Vous l’aurez compris depuis que j’ai visionné la trilogie du « Pusher » je suis un fan irréductible de Nicolas Winding Refn.
Je suis donc allé voir avec un grand enthousiasme « Le guerrier silencieux » sa dernière production sortie en 2010.
Loin de l’ambiance des mauvais garçons de Copenhague ou d'Angleterre, le spectateur est ici tout de suite happé dans une ambiance moyenâgeuse de l’époque des Vikings alors en pleine phase de christianisation forcée.
Dans le monde montagneux, froid et hostile de la Scandinavie, One-Eye (Mads Mikkelsen) est un guerrier muet et borgne qui vit enchaîné par son maître Barde (Alexander Morton) pour lutter dans de sanglants duels allant jusqu’à la mort.
Réduit à la condition d’animal, One-Eye reçoit l’aide d’un enfant Are (Maarten Stevenson) qui l’aide à briser sa servitude.
Il se venge alors cruellement en tuant ses anciens maîtres et rencontre ensuite des Vikings christianisés luttant pour répandre leur nouvelle foi dans toutes les contrées ou ils séjournent.

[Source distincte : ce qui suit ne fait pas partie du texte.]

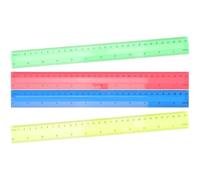 GLEAVI 8 Piezas Reglas Rectas de Plástico de 30cm para Medición | Escalas en Pulgadas y Centímetros, Color Sólido, para Oficina y Taller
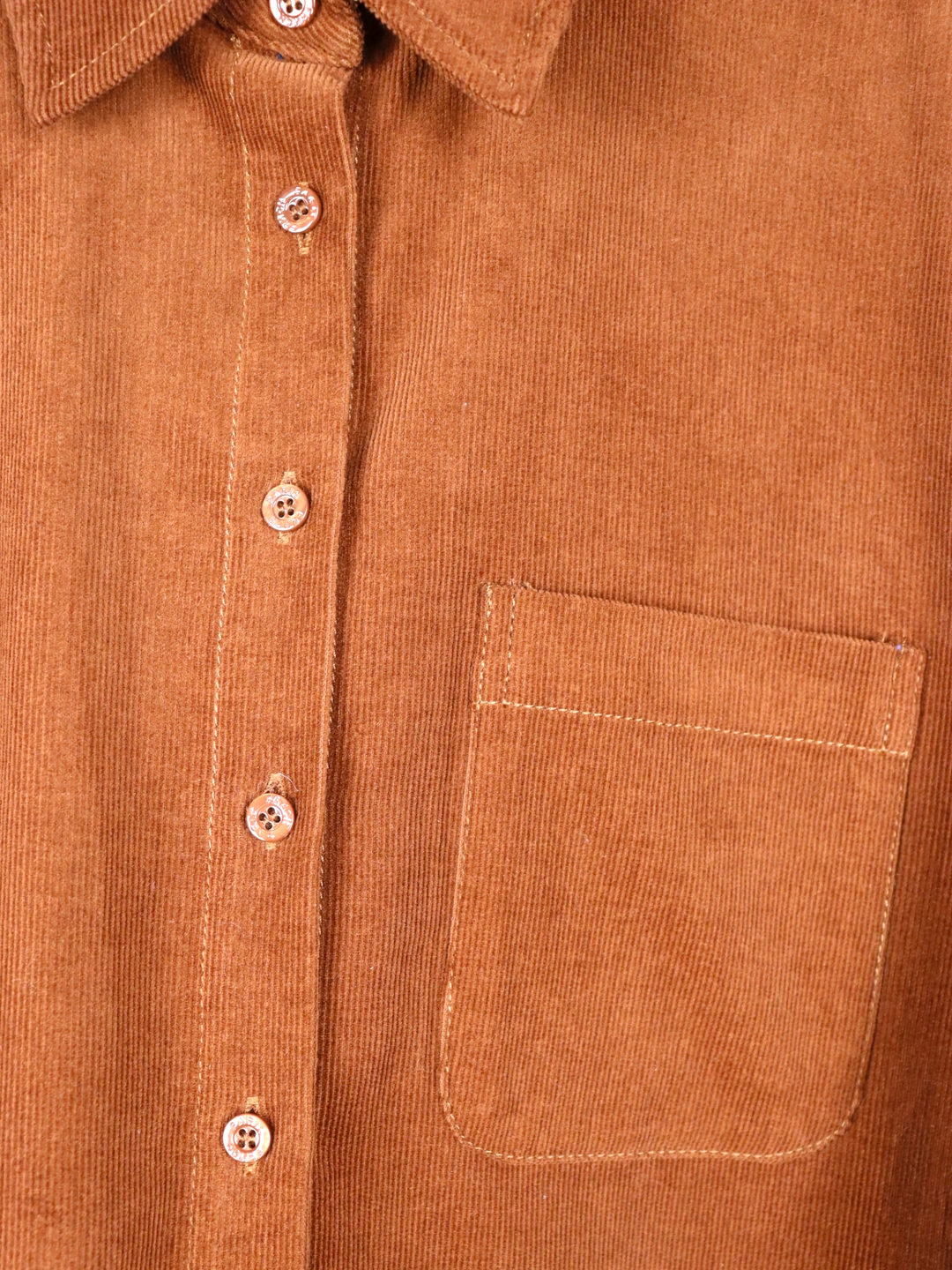 Camicia effetto velluto a coste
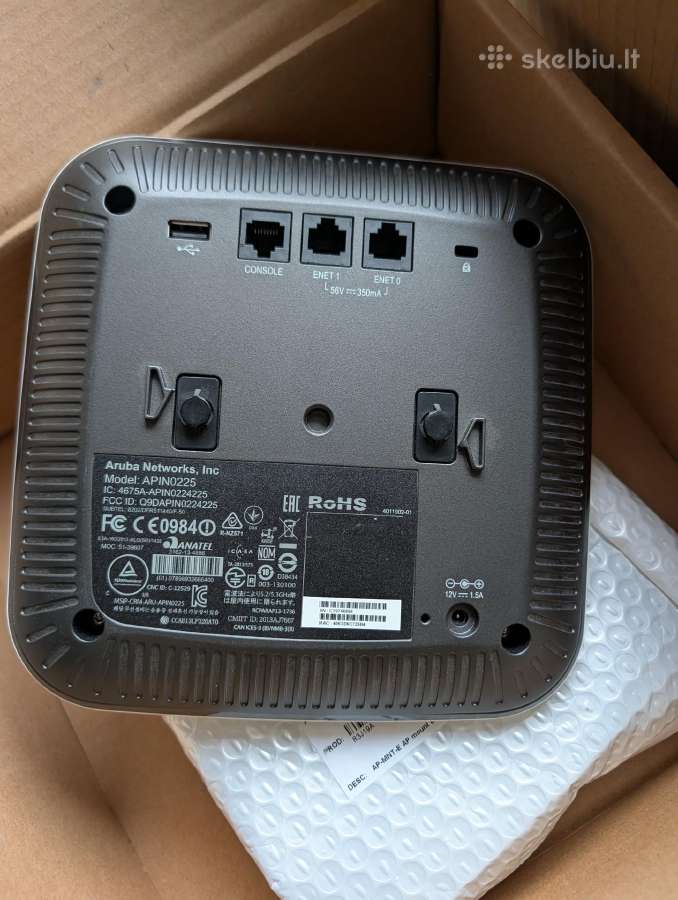 Aruba Networks Ap-225 Wi-fi prieigos taškai - nuotraukos Nr. 12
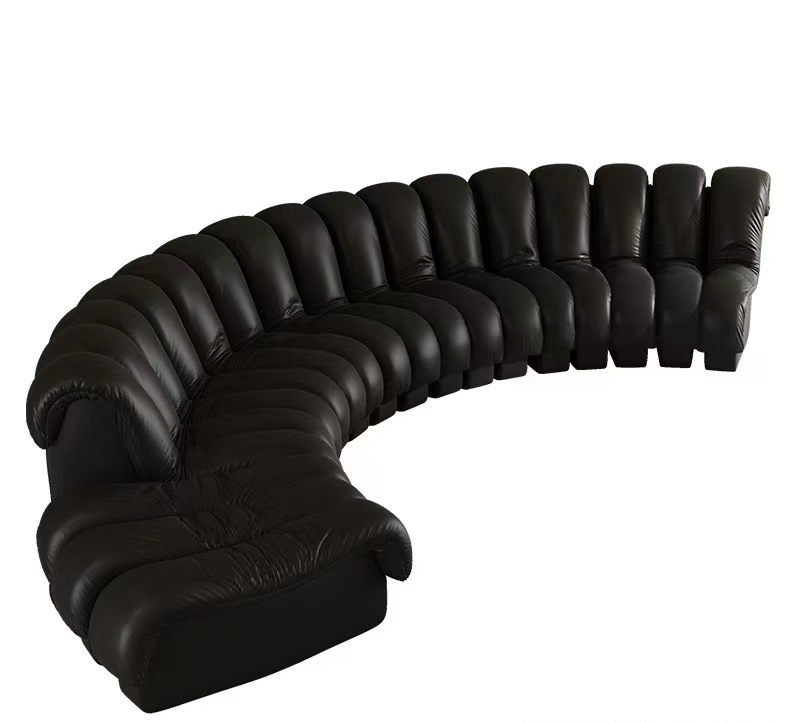 DS-600 논스톱 라운지 소파 등받이가 없는 단일 모듈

Bien qu’encore polythéistes, Are et One-Eye acceptent de se joindre à eux pour partir en croisade jusqu’à Jérusalem.
Une étrange relation s’installe entre l’enfant et le guerrier, le premier le comprenant par télépathie et parlant à sa place, le second le protégeant contre la rudesse des hommes du Nord.
La petite équipe embarque sur un étroit navire et commence alors l’autre partie du film qu’on pourrait qualifier d’interminable épopée mystique.
Privé de vent et noyé dans la brume, le navire dérive emmenant les hommes très loin de leur destination initiale.
Epuisés, affamés et quasi mourant, ils arrivent alors par miracle dans un pays inconnu qui s’avèrera être l’Amérique du Nord.
Le chef de l’expédition, un chrétien fanatique désire évangéliser cette nouvelle terre pour étendre le pouvoir du Christ mais la dure réalité le rattrape vite puisque ses hommes sont soit éliminés par les indiens, soit assassinés par One-Eye qui ne partage pas cette vision exaltée de la religion.
Décimés, déboussolés, les rares survivants abandonnent leur folle mission et entreprennent de suivre One-Eye et Are qui s’enfoncent dans les terres pour découvrir ce nouveau continent.
En conclusion, « Le guerrier solitaire » est un film complètement atypique qu’on pourrait qualifier d’anti commercial.
Sa force principale demeure dans l’incroyable beauté de ses images, ses montagnes majestueuses, ses mer brumeuses, ses fleuves sombres, ses forets denses ou chaque parcelle vibre d’une nature omniprésente, écrasante, rappelant à l’homme sa petitesse et la vanité de ses projets.
La musique, toujours exceptionnelle chez Refn atteint ici des sommets d’intensité, magnifiant des paysages ou des situations pourtant déjà à la base captivantes.
A travers l’épopée insensée de ces croisés Vikings remontant un fleuve en territoire hostile on pense à « Au cœur des ténèbres » de Conrad, à la version de Coppola dans « Apocalypse Now », on pense également à « Aguirre la Colère de Dieu » de Werner Herzog.
Le rythme du film est lent, les dialogues quasi absents, la violence parcimonieuse.
Refn laisse parler la beauté des images et le magnétisme de son acteur fétiche, l’incroyable Mads Mikkelsen plus charismatique que ne le sera jamais n’importe quelle star hollywoodienne.
One-Eye joue le rôle du mystérieux passeur ramenant les chrétiens en quête de pouvoir vers un enfer sans retour.
J’ai vu dans « Le guerrier silencieux » une formidable ode à la puissance de la nature, aux mythes Vikings et une critique de la religion monothéiste par nature vouée à véhiculer l’exclusion et la domination.
Refn s’est ici pour moi surpassé, atteignant un niveau égal à celui des plus grands cinéastes et produisant sans nul doute un film culte à la beauté étrange et déroutante.
Les fans de films d’actions basiques ou de comédies faciles pourront passer leur chemin.